A guttural howling haunted hate into his eyes.
He heard again his mother’s anguished cries.

“I watched you save my mother’s life,” she said,
Voice soft. “You took the fever from her head
And put it in the air. I saw you call
Old Weso back from death, the awful pall
Of waxen lifelessness inside his skin,
His face weird, twisted by his death-mask grin.”

He took a deep, long breath. The eagle flew
Above their heads. The sunlight seemed to skew
Into a twisted ball of blinding light.
The eagle disappeared, its soaring flight
An emptiness of bright blue summer sky.

Inside his head the pelican’s sharp cry,
As eagle talons sank into its flesh,
Forged summer light into an augered mesh
That jolted fire into a boy that made
His way through mist behind his father’s shade.

He looked at Hurit and his twisted hand.
He felt the power in the cliffs, this land.
He wondered, as he stared at distant waves,
If he was looking at his parent’s graves.

The day was shining, water glinting blue.
He said to Hurit, “I’m in love with you.”

11 Comments

Filed under Poetry, Thomas Davis

11 responses to “The Eagle and the Pelican

  1. Very good — a lot to put your arms around.

  2. What wealth you have poured into this so vivid tale.

  3. As I know only too well, rhyming couplets are a tough trick to pull off, especially in a long poem, but you’ve succeeded wonderfully here, Tom. I thought it was particularly effective when you split the couplet over two stanzas –
    …Above the cliff and bay, he looked so grim
    He frightened her. “This is the place,” she said.

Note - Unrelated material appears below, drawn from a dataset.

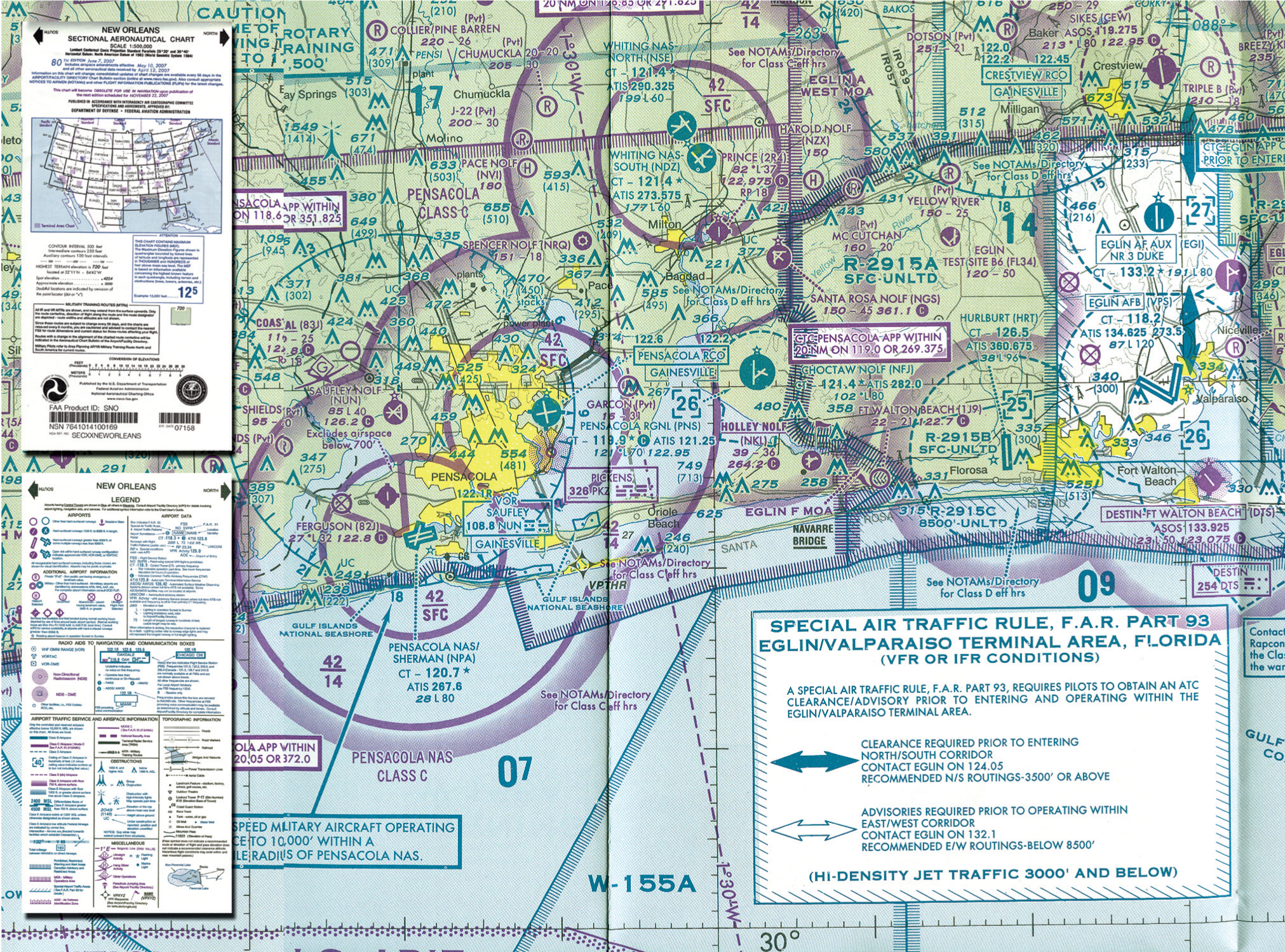 air navigation sectional charts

    He felt the awful sense of blinding dread
    That once had paralyzed him as he stood…

    It’s a device that my great hero John Masefield uses in his narrative poems, and I think this piece has something of his spirit about it. It was ‘Reynard the Fox’ that first opened my mind to the power of poetry, and your rhyming couplets give this poem that same feeling of suspense and momentum, then a pleasing sense of resolution. The driving rhythm, married to the subject matter, also put me in mind of Longfellow – only yours is much more readable! A masterly blend of poetic technique and authentic story-telling; it’s a triumph.

    • You reassure me, Nick. I thought your couplets were so smooth and read so well. I was much less sure about this effort. Thank you.

    • Nick, I just read “Reynard the Fox” for the first time. Masefield certainly did a masterful job of portraying the society of his time with a rollicking sense of comedy, didn’t he? I had not read Reynard before you put me on to it. Thanks.

      • My pleasure. I still get a shiver down my back every time I read the line:

        “The earth was stoped. It was barred with stakes.”

        Whatever one thinks about fox-hunting (a highly emotive and politically charged topic here in the UK) it makes a fine setting for a narrative poem in hands as skilled as Masefield’s (he was Poet Laureate). I’m thinking of trying a long ‘un about a train journey…but don’t hold your breath! N.

  4. Thomas, another amazing story, with rhyme and meter that just seems to “happen” – so naturally. Again, I’ve printed this out to read more slowly – in full enjoyment.

  5. I, too, thought of Longfellow as I read this poem, since I am a descendant of those he immortalized in “Evangeline” and that kind of meter was instilled by frequent recitation of his poem(s) in childhood. You have a gift for writing in traditional meter, I think, and keeping it fresh and alive. What I especially like about this poem are the apt and surprising turns of phrase and images….the sun bending the air as it dances above terror and despair….Hurit watching the shadows on his face…the solitary bleak ritual of the eagle’s cries…the waves as. graves….And this is just a simple poem about an eagle and a pelican, right? Just wonderful! I enjoyed it immensely.

    • You’re a descendant of those immortalized in Evangeline? Neat! I am going to have to go back and read Longfellow again I guess. I haven’t read him for decades. Thanks so much for visiting here, Cynthia. I found your poetry through John Stevens and am glad I did.

  6. Anna Mark

    Riveting story. I love how he remembers everything from on that cliff, a place of such power and yet also precarious, teetering, and in the end a declaration of love, after all the terror of remembering, and reliving it — love. A moving poem.